Work instructions: What you return must match, exactly, the lines running from the one containing "Formele Herenschoenen Luxe" to the end of the data, both included, and must contain no pictures.

+++ Records

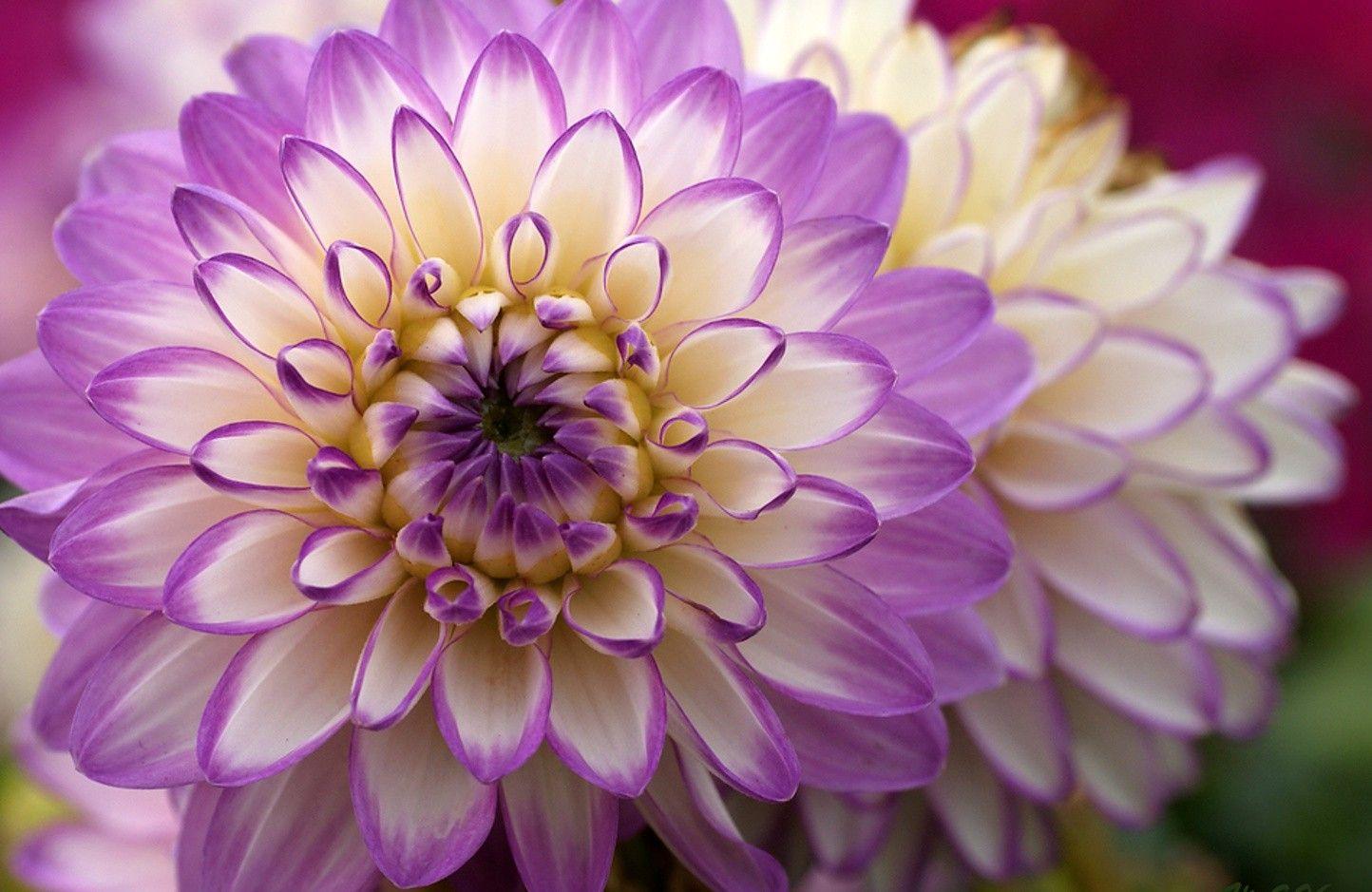 Flowers: Amazing Flowers Purple White Wallpaper 3D Flower Desktop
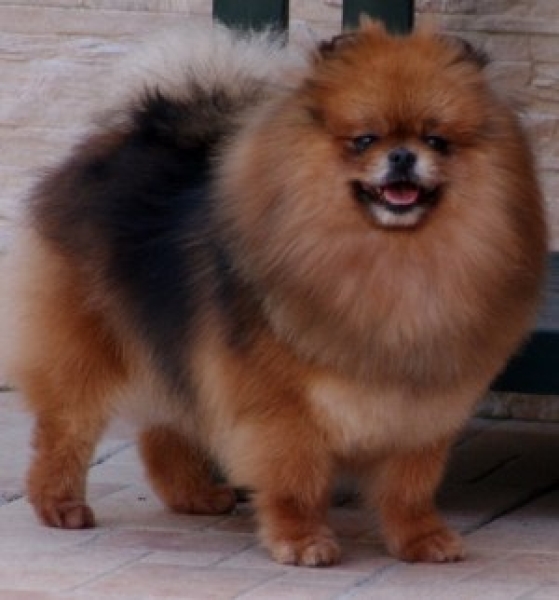 El Kennel: Hembras 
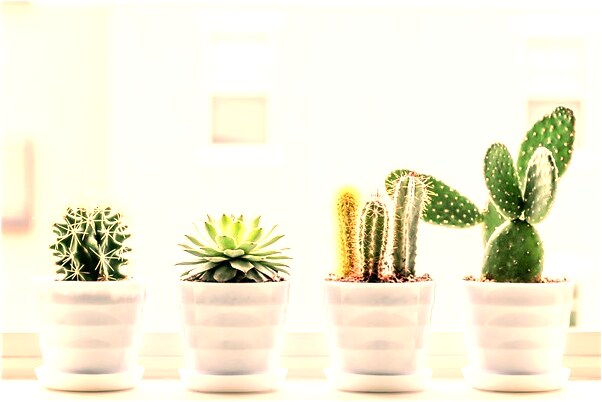 夢到了老人被車砸死會是什麼預兆_周公解夢官網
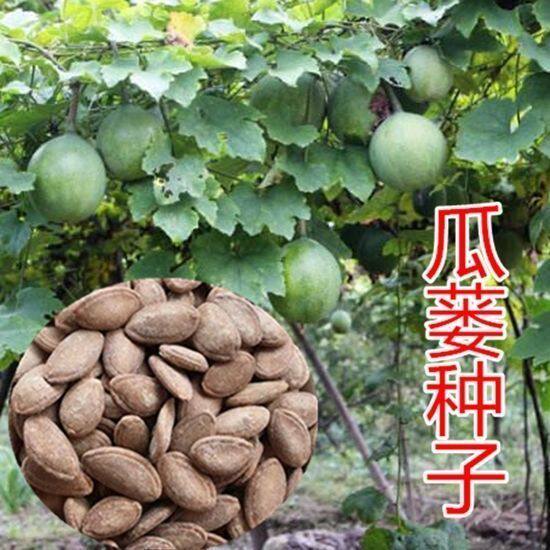 春蝶瓜蒌种子瓜楼种籽吊瓜籽种药食两用爬藤种植瓜籽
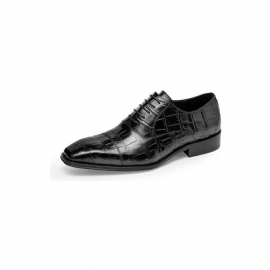 Formele Herenschoenen Luxe Croctex Oxford-schoenen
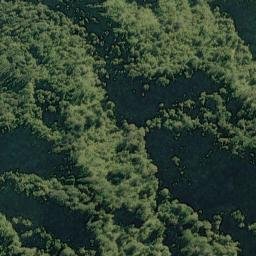 Satellite imagery of Fish Point, NZ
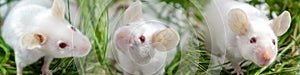 Banner mock up with three white albino laboratory mouse sitting in green dried grass, hay. Cute little rodent muzzles close up,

++++++

Reply to the exercise:
 Formele Herenschoenen Luxe Croctex Oxford-schoenen
 Satellite imagery of Fish Point, NZ
 Banner mock up with three white albino laboratory mouse sitting in green dried grass, hay. Cute little rodent muzzles close up,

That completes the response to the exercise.